::: Dataset records
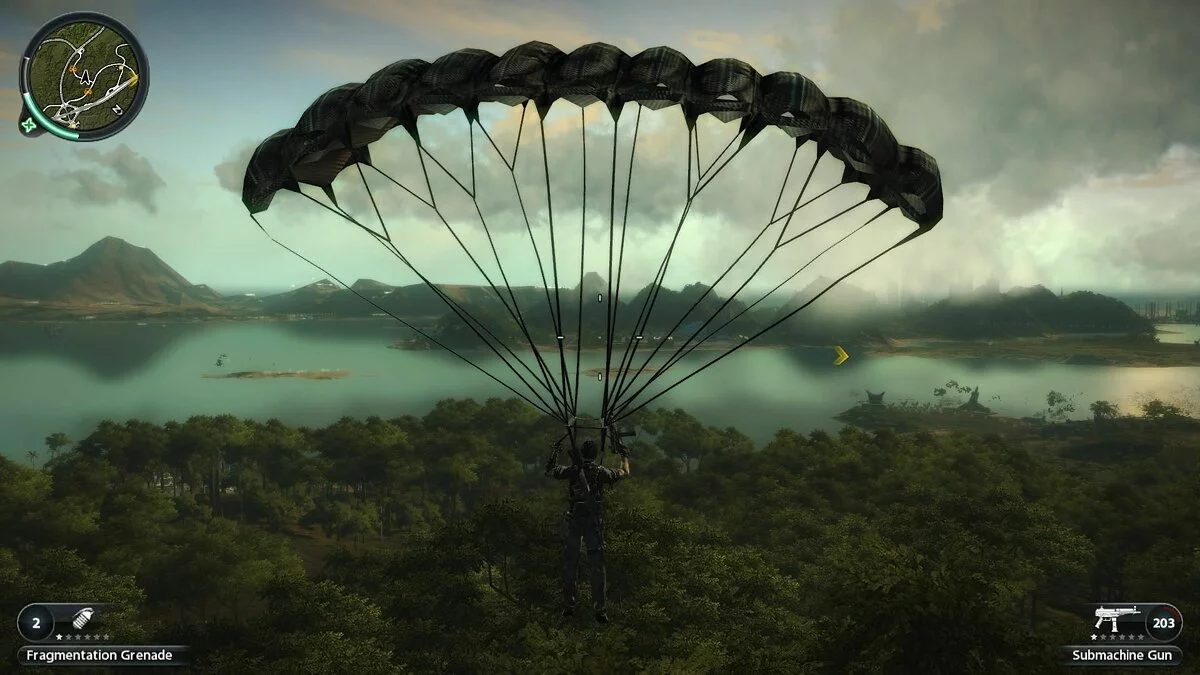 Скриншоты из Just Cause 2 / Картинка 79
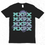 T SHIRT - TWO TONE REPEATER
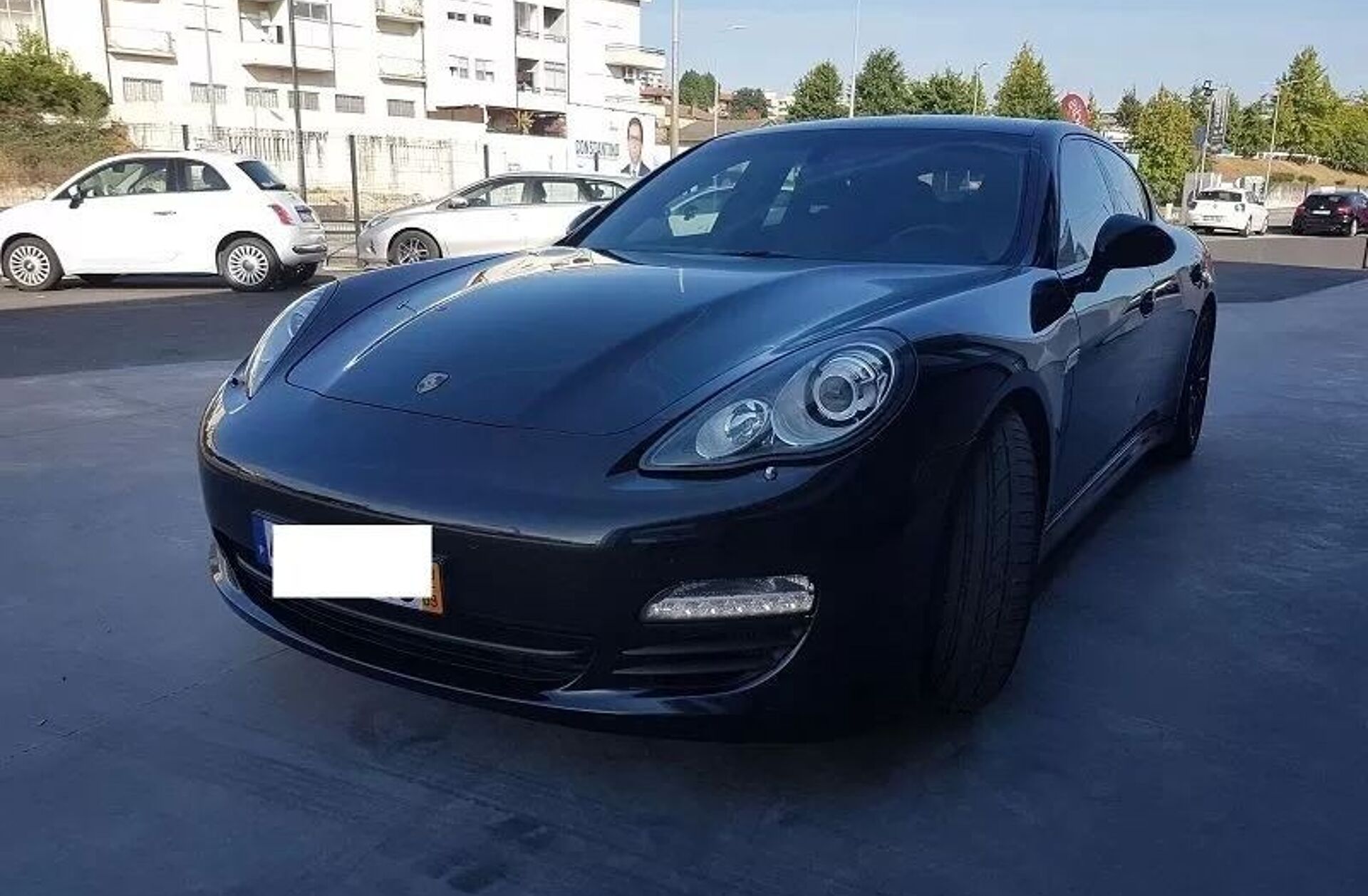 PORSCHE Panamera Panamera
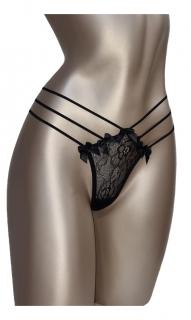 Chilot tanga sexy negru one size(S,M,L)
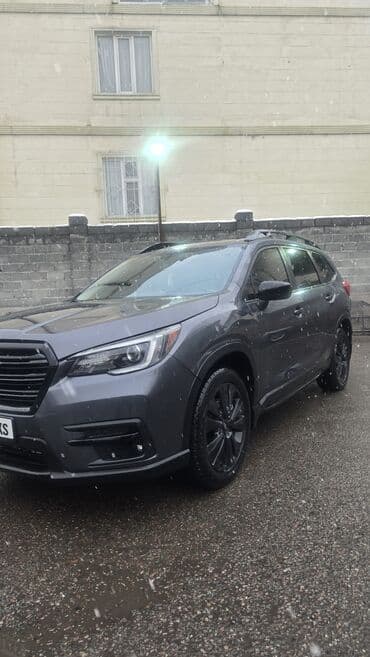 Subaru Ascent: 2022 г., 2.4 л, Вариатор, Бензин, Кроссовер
::::::
Task —
Produce an exact copy of the records above, leaving out the pictures.

Response to this exercise —
 Скриншоты из Just Cause 2 / Картинка 79
 T SHIRT - TWO TONE REPEATER
 PORSCHE Panamera Panamera
 Chilot tanga sexy negru one size(S,M,L)
 Subaru Ascent: 2022 г., 2.4 л, Вариатор, Бензин, Кроссовер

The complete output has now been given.